WHAT YOU ARE ASKED TO DO: Where the string "Gîte" occurs in a line of the data below, that line should be copied.

INFORMATION:

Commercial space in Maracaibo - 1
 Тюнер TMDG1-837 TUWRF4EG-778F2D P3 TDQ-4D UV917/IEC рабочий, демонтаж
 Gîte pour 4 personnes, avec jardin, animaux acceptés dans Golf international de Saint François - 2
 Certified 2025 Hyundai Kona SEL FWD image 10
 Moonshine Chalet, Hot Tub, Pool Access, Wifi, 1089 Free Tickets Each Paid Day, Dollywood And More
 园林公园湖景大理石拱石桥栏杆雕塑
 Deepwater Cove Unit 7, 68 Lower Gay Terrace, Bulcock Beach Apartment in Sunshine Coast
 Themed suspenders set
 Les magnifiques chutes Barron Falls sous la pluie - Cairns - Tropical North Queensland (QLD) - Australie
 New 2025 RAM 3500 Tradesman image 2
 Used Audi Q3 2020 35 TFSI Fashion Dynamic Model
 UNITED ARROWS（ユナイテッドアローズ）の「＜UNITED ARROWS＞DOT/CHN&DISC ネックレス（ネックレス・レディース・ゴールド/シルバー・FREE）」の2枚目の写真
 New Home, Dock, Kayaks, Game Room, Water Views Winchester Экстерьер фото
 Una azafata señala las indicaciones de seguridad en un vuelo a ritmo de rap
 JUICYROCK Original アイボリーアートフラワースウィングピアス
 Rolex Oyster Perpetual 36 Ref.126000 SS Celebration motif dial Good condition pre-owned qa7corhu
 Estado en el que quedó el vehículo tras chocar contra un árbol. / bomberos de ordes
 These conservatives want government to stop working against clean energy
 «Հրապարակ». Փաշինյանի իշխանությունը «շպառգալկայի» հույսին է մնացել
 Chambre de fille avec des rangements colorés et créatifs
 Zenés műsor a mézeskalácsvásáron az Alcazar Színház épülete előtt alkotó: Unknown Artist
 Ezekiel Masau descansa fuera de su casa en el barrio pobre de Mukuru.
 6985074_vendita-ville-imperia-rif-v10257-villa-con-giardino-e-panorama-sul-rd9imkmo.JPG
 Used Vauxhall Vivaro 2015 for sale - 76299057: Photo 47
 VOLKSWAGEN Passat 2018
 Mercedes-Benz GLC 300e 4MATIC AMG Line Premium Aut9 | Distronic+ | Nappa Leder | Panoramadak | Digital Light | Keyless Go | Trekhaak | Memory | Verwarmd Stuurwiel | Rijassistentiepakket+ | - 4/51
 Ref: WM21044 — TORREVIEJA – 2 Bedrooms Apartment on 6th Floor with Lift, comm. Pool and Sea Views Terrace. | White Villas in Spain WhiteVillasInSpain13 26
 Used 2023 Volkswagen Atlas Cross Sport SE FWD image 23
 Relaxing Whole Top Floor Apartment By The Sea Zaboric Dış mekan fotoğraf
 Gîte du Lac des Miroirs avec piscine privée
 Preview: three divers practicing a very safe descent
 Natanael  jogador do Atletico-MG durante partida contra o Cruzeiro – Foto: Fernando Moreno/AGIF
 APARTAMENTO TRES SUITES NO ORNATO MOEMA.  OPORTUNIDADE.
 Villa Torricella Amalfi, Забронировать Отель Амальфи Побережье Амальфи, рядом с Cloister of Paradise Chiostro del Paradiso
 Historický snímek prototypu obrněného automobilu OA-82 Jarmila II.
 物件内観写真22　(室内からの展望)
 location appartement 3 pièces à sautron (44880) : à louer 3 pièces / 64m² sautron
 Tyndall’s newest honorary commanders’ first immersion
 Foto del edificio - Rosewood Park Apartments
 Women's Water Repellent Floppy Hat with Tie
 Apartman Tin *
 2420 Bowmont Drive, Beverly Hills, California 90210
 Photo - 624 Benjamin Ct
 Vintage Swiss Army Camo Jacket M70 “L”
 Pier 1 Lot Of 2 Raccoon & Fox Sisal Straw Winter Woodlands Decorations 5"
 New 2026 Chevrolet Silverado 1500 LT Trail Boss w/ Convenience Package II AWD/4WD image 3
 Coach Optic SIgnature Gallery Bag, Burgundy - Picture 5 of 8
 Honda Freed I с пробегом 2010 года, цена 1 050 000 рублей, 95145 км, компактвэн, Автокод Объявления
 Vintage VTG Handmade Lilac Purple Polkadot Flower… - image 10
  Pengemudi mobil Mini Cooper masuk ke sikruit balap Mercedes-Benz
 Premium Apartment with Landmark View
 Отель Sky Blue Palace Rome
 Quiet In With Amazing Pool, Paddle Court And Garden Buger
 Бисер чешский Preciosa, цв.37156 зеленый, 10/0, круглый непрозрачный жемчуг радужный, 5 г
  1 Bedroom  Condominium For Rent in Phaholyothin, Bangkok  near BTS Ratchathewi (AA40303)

EXERCISE RESPONSE:
 Gîte pour 4 personnes, avec jardin, animaux acceptés dans Golf international de Saint François - 2
 Gîte du Lac des Miroirs avec piscine privée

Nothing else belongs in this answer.